- **WHAT THIS TASK INVOLVES**
The material below contains a line with "Topographic Map of" and a line with "Naszyjnik srebrny motyl". Copy exactly those two lines and all lines between them.

- **SUPPLIED MATERIAL**
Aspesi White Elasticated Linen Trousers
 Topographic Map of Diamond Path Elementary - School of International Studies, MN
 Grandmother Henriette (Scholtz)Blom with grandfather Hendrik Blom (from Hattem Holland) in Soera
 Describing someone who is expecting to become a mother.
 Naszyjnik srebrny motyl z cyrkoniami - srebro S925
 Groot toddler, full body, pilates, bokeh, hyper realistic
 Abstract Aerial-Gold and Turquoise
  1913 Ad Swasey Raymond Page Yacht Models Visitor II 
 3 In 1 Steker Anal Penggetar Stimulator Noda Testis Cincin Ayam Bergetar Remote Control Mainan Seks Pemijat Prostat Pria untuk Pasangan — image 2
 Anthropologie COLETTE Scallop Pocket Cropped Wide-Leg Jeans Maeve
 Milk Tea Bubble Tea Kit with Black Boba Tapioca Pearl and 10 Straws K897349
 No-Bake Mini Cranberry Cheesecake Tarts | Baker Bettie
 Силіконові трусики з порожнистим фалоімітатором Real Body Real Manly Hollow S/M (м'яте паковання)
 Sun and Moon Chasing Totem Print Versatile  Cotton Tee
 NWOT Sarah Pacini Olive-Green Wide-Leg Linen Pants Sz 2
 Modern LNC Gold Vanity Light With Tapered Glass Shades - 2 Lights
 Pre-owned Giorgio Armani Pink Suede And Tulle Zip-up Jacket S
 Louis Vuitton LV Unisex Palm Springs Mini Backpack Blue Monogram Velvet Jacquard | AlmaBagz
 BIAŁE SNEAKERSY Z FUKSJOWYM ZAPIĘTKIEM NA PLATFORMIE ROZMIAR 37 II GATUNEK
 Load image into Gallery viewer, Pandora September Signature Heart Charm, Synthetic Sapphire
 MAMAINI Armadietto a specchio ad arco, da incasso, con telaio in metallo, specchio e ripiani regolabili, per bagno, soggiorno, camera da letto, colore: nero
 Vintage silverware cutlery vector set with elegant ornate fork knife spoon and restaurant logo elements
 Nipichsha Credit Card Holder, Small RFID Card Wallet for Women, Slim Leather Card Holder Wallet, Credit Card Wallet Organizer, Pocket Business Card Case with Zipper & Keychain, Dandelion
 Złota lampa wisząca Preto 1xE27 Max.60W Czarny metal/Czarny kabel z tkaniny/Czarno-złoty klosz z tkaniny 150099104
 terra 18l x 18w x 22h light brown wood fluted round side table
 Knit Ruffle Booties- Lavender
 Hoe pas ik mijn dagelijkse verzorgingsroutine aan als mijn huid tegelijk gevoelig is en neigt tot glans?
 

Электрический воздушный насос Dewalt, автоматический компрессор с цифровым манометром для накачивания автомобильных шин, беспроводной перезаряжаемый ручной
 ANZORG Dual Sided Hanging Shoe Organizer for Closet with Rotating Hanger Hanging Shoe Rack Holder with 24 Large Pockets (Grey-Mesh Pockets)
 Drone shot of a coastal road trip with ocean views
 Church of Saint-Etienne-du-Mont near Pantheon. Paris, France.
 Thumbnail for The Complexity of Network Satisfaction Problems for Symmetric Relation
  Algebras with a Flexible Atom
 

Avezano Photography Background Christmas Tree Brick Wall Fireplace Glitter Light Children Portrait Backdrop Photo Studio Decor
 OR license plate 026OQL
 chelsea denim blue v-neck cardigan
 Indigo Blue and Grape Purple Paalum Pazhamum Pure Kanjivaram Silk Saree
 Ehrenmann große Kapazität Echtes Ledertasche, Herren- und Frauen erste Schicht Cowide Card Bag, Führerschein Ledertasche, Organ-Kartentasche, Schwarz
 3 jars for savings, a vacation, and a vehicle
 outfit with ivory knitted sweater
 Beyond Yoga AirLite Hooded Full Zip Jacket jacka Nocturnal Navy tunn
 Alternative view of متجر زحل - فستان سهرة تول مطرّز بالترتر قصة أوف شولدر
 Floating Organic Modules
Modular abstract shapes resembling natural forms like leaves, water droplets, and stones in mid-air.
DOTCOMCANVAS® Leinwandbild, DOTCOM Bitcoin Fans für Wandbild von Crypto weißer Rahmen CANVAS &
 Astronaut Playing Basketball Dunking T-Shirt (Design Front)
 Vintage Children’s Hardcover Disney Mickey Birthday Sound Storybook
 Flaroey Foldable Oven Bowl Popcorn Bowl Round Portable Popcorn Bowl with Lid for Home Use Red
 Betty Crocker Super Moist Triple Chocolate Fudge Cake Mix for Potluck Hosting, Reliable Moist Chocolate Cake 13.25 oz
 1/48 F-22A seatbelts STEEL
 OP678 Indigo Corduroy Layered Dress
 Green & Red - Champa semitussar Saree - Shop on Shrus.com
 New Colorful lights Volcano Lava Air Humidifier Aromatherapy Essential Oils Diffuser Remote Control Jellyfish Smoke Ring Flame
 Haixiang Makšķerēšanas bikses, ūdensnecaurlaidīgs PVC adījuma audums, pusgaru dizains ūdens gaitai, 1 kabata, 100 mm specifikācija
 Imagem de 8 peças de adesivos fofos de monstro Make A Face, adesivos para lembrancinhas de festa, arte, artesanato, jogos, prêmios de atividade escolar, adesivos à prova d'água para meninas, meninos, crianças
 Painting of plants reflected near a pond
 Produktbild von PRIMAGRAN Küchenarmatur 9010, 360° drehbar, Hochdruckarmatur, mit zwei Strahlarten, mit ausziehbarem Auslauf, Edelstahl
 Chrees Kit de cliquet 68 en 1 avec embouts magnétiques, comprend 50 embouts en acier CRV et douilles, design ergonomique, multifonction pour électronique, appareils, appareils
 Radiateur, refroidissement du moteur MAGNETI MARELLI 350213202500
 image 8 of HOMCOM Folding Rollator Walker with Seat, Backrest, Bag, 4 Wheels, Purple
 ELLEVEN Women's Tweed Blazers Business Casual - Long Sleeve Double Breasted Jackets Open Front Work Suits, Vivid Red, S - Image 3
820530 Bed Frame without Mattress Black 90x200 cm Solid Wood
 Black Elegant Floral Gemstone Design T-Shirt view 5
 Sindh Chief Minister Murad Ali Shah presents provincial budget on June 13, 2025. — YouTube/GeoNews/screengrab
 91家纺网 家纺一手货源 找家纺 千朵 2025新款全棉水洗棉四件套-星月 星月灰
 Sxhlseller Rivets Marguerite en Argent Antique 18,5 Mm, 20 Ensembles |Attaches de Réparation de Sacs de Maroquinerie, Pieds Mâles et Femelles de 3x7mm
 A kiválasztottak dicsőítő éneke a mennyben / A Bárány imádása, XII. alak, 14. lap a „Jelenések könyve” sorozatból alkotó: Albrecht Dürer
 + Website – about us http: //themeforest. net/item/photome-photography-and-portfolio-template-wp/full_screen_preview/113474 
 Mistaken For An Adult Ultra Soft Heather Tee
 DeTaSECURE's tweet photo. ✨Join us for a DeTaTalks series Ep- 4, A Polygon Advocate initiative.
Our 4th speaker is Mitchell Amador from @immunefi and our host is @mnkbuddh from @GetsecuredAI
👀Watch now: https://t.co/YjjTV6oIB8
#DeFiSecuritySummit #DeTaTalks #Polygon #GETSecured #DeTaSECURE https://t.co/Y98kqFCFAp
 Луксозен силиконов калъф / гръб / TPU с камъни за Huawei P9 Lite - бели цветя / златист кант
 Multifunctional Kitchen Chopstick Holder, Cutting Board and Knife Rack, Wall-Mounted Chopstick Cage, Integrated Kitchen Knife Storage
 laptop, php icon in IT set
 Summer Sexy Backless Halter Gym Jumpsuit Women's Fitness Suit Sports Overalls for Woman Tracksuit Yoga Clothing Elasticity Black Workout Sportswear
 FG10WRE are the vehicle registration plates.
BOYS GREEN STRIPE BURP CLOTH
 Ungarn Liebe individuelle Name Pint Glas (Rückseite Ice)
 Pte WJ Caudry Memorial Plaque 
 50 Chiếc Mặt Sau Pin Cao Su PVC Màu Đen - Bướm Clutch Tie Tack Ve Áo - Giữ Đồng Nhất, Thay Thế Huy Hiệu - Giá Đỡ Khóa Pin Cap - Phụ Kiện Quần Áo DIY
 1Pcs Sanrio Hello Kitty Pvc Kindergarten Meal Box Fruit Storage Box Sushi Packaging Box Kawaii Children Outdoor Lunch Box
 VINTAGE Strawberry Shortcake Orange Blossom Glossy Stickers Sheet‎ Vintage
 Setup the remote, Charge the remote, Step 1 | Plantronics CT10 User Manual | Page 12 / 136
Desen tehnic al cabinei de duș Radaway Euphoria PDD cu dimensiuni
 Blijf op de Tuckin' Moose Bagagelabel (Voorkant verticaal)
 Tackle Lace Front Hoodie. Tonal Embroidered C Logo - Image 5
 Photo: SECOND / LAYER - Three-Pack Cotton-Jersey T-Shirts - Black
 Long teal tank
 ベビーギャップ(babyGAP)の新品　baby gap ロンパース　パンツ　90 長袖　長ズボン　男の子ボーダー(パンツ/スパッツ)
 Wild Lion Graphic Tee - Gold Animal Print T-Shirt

- **RESPONSE AREA**
 Topographic Map of Diamond Path Elementary - School of International Studies, MN
 Grandmother Henriette (Scholtz)Blom with grandfather Hendrik Blom (from Hattem Holland) in Soera
 Describing someone who is expecting to become a mother.
 Naszyjnik srebrny motyl z cyrkoniami - srebro S925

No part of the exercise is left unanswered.